Comparing three numerical solvers of the Gross-Pitaevskii equationPosted on 03 February 2016
Update 18/01/2017: Added more information based on version 1.6.1 of Trooter-Suzuki-MPI.
The numerical simulation of Bose-Einstein condensates is a challenging task, even more so if we are interested in fast rotating vortices. We compare two implementations that rely on time-splitting pseudospectral methods, GPELab and GPUE, and one that uses the Trotter-Suzuki approximation (Trotter-Suzuki-MPI). I am involved in the development of the last one and I was curious how it performs compared to other methods. This comparison is joint work with Luca Calderaro, my co-developer in the Trotter-Suzuki project who did all the coding of the test cases, and we also received help from Lee James O'Riordan, the main developer of GPUE, for which we are grateful.
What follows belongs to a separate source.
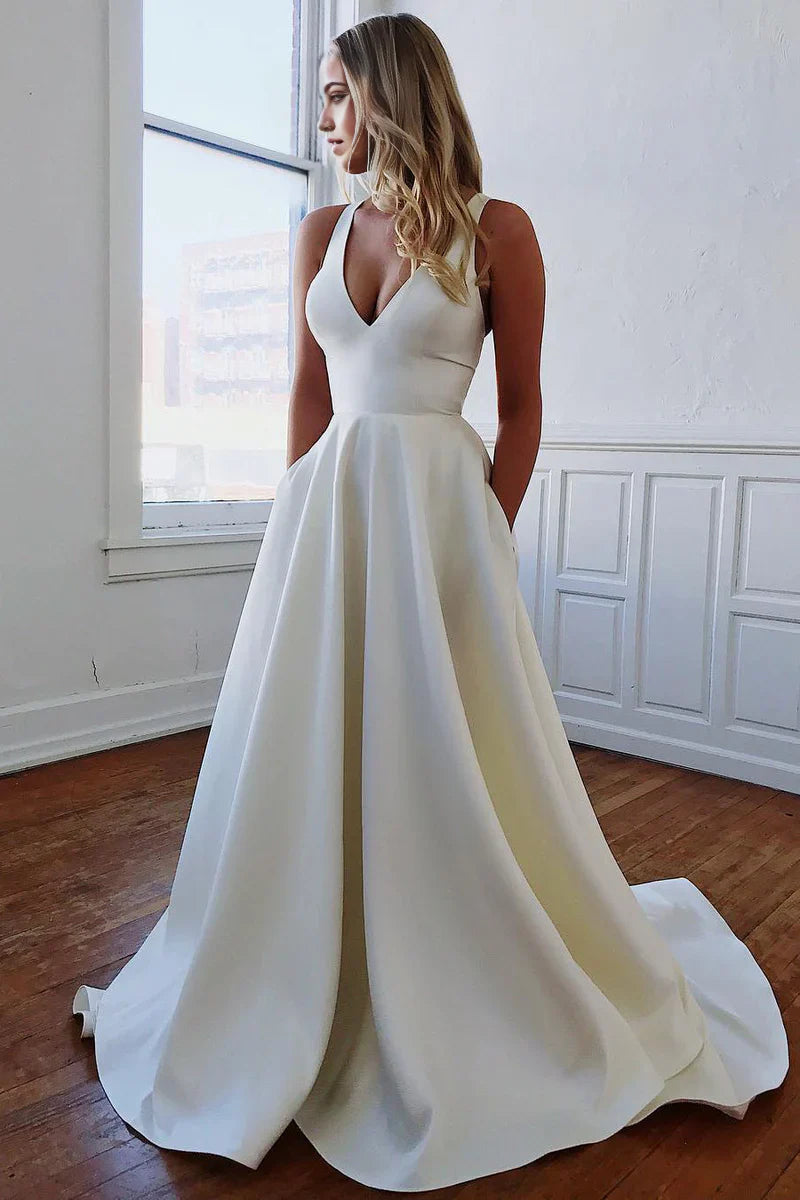 Wholesa A-Line V-Neck Long Wedding Dress with Bow-Knot
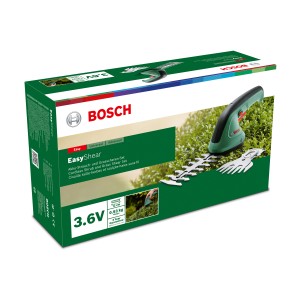 Bosch EasyShear Akku-Gras- und Strauchschere im Set-Karton.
When it comes to the physics of the problem, GPELab takes the prime: it can tackle the widest range of problems in arbitrary spatial dimensions. Furthermore, its documentation is extensive. TS-MPI lags behind in documentation, but the latest release made progress in making problem definition more straightforward. GPUE can be hard to fathom.
|Linear Schrödinger Equation||Yes||Yes||Yes|
|Vortices in BEC||Yes||Yes||Yes|
GPELab's main weakness is that it only runs in MATLAB, with all the pain that implies from licence fees to the 1970s syntax. Running it on a supercomputer is an exceptional challenge, which puts severe limitations on GPELab's scalability. GPUE runs from the command line and it has a handful of Python routines to process the output. TS-MPI is the most flexible, as it allows the computational core to be called interactively from Python, but it also exposes a C++ API for more scalable calculations on a cluster. On the other hand, only a fraction of its functionality is exposed through its command-line interface, and MATLAB support was dropped in version 1.5.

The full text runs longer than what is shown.